La Salome senza volto di Barrie Kosky
All’Oper Frankfurt il regista australiano firma un allestimento dell’opera straussiana che raccoglie consensi nonostante una lettura controversa
Lascia una sensazione di irrisolto la Salome che il regista Barrie Kosky ha tenuto a battesimo all’Oper Frankfurt fra grandi consensi. Nemico dichiarato della polvere della routine che si deposita soprattutto sui titoli più frequentati del repertorio operistico, Kosky sembra aver tolto fin troppa polvere finendo per proporre un “non allestimento” della celebre opera di Richard Strauss. Questa Salome è sostanzialmente priva di elementi scenografici, se si eccettua una scatola completamente nera (firmata da Katrin Lea Tag) nella quale tutti gli interpreti sono dissolti nel buio fatto salvo qualche fugace passaggio sotto l’occhio di bue puntato ossessivamente su Salome, primadonna assoluta ma creatura sfuggente e dall’identità indefinibile o, piuttosto, definita di riflesso attraverso gli altri. La ricerca di definizione di sé è soprattutto attraverso il deuteragonista Jokanaan e la sua anomala famiglia, il patrigno Erode e la madre Erodiade, uniche presenze con le quali Salome condivide quel cono di luce. La sua identità sfuggente e mutevole si proietta anche attraverso i costumi, che Salome cambia in continuazione (anche quelli di Katrin Lea Tag) e non certamente per vezzo di primadonna, come sembra definirla in apertura di sipario quel costume bianco con copricapo piumato da diva del muto.
La rimozione di qualsivoglia esotismo di maniera spinge Kosky a rovesciare il senso comune dell’opera di Strauss, specialmente nel grande momento topico della danza dei sette veli, privata della danza danzata (ormai è la nuova norma) e qui mutata in una esaltazione del feticismo pilifero della donna, che lungo tutta la scena estrae dal suo sesso un’interminabile matassa di capelli, quelli di Jokanaan, di cui la donna si dichiara innamorata (“Dei tuoi capelli sono innamorata, Jochanaan … I tuoi capelli, lascia che li tocchi!”). Nei rarissimi momenti in cui sembra rifarsi a rodate convenzioni sceniche, come nel lungo monologo finale di Salome esibito in tutta la sua sfacciata necrofilia con quella testa di Jokanaan grondante sangue dai lunghi capelli, Kosky fa marcia indietro e torna sul tema identitario facendo letteralmente indossare a Salome quella testa come una maschera vuota nella scena finale, ancora una volta sottraendosi alla domanda: chi è Salome?

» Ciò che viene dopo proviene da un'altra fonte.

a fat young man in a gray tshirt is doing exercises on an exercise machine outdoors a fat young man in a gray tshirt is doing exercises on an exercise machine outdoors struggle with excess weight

Idea interessante, ma che lascia il sospetto si tratti piuttosto di un esercizio di teatro, non nuovo nel teatro di Kosky, con qualche eccesso di intellettualismo, che gela la morbosa sensualità dell’opera straussiana sbilanciandola sul piano di un freddo e macabro umorismo. Raffredda parecchio l’azione anche la coreografia espressionista e studiatissima attorno a quell’unico cono di luce, che sollecita gli interpreti ad uno sforzo di straniamento, decisamente spiazzante. È difficile, dunque, dar conto in maniera bilanciata della prova di un cast vocale, privo di eccellenze ma ben assortito e soprattutto funzionale alla personalissima visione del regista. Va reso atto che la protagonista Ambur Braid si spende molto sulla scena, sulla quale è costantemente presente e visibile, mentre sembra talora troppo prudente e trattenuta sul versante vocale, soprattutto nel grande monologo finale dove piacerebbe percepire un abbandono totale al ruolo. Più marcante è parsa la prova di Christopher Maltman, uno Jochanaan dall’imponente cifra vocale. Sconta qualche impaccio la coppia genitoriale di AJ Glueckert e Claudia Mahnke, l’elemento comico in questo allestimento. Un po’ in ombra (è il caso di dirlo) il Narraboth di Gerard Schneider, che si fa notare per il bel colore lirico della prova vocale. Nel resto dal lungo cast, si fa notare lo spiritato quintetto dei giudei, che sono Theo Lebow, Michael McCown, Jaeil Kim, Jonathan Abernethy e Alfred Reiter. Se il nero domina la scena, non è così per la direzione musicale assicurata da una Joana Mallwitzattentissima soprattutto al colorismo di stampo quasi impressionista della ricca tavolozza orchestrale straussiana. Risalta soprattutto il minuzioso lavoro di concertazione, che dà grande risalto al complesso intreccio strumentale e valorizza la grande qualità musicale della Frankfurter Opern- und Museumsorchester.
Sala gremita alla prima, applausi calorosi per tutti.